The Corner

Immigration

Two Views on the Politics of Immigration

Handing out flags at a naturalization ceremony in Oakland, Calif., in 2013. (Robert Galbraith/Reuters)

Chris Hayes argues that the “plain fact of immigration politics in this country is that the Steve King/Stephen Miller wing of the GOP, a small minority of the country, has a total veto on it”—and has had one for the last 13 years. The majority of the country favors the kind of comprehensive immigration reform that Congress took up in 2006, 2007, and 2013. They were defeated each time by a “hardcore opposition [that] is driven by demographic and racial panic” rather than by concerns about “border security or lawfulness.”
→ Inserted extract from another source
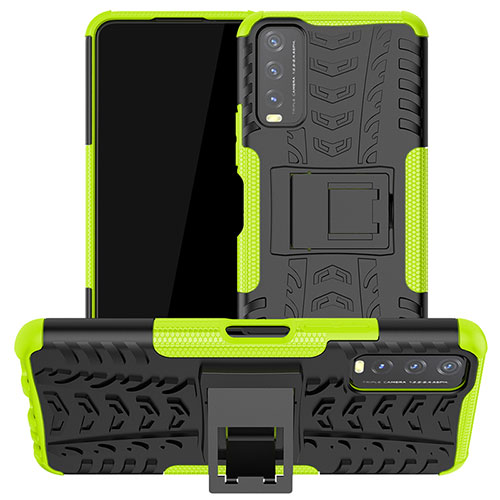 Silicone Matte Finish and Plastic Back Cover Case with Stand JX2 for Vivo Y30 Green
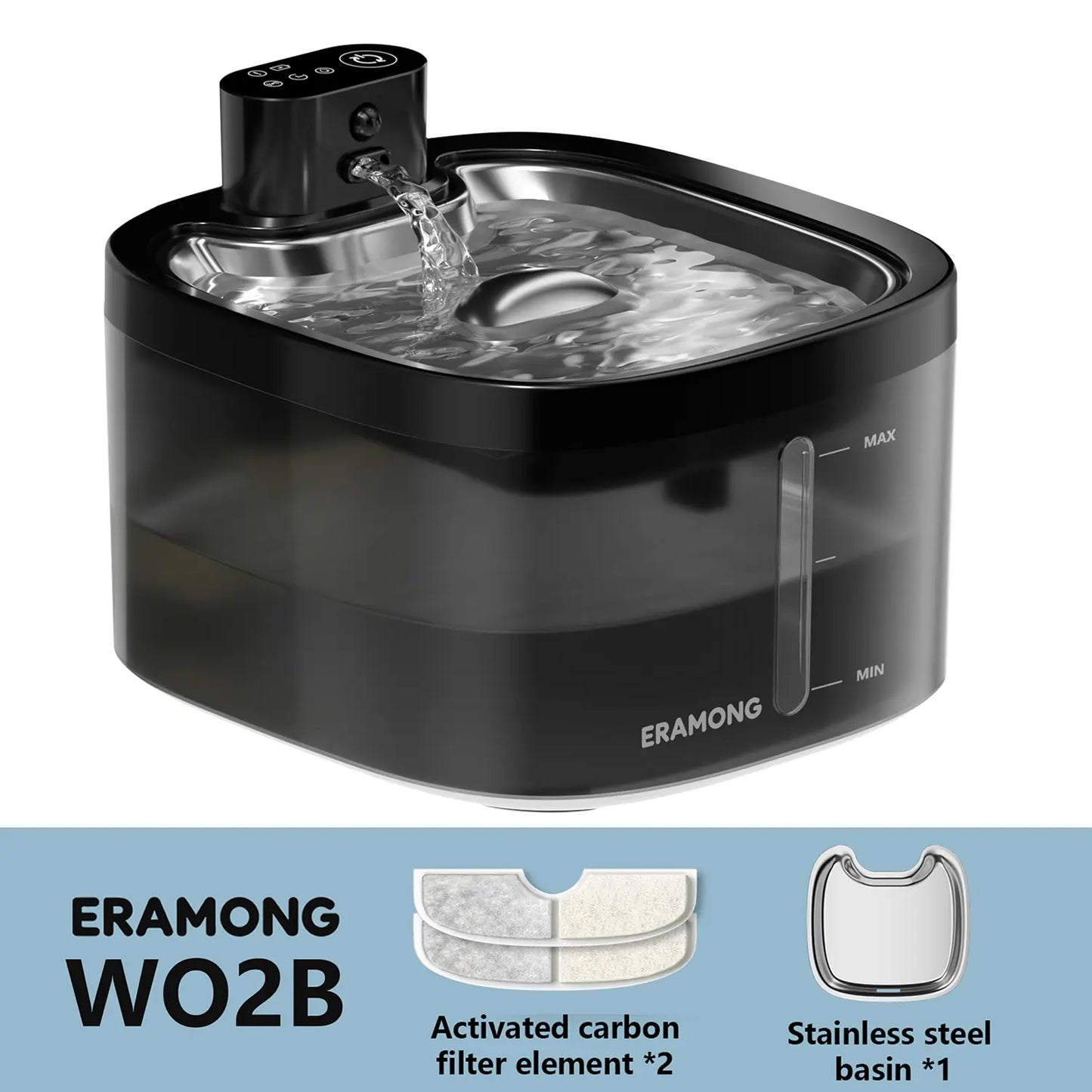 ERAMONG Smart Indoor Wireless Pet Water Fountain - 3.5L Capacity, Battery-Powered with Stainless Steel Tray, Motion Sensor, and 4-Layer Filtration System for Cats and Dogs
I think this argument goes wrong from the first, with its reading of public opinion. Raising the level of legal immigration was a feature of those comprehensive bills. And while support for that policy has been rising, it’s still a minority view. In 2017, only 24 percent of respondents told Gallup they favored it. If you ask Americans the absolute number of immigrants they want to welcome each year, the results are what one might call, borrowing from Mitt Romney, severely restrictionist.

Polls have also found that while most Americans favor granting legal status to many illegal immigrants, they are willing to combine that policy with ideas, such as the end of the diversity-visa lottery, that are associated with restrictionists. The firmness and definitiveness of public opinion are easy to overstate.

My own sense of the politics, from having covered immigration about as long as Hayes has, is that the main reason the bills of 2005-13 lost was that a significant number of Americans who are not in the grip of racial or demographic panic believed that one amnesty would simply lead to another one in the future: that the bills’ enforcement measures would not be followed for the long haul, and we would end up with a new batch of illegal immigrants in addition to the ones we had legalized.

This seems to me an entirely reasonable view, and its prevalence argues for a step-by-step process in which trust is built up. I’ll concede, though, that Hayes’s view that one side of the debate has to be completely defeated and anathematized for any good to be done is more in keeping with the spirit of our age.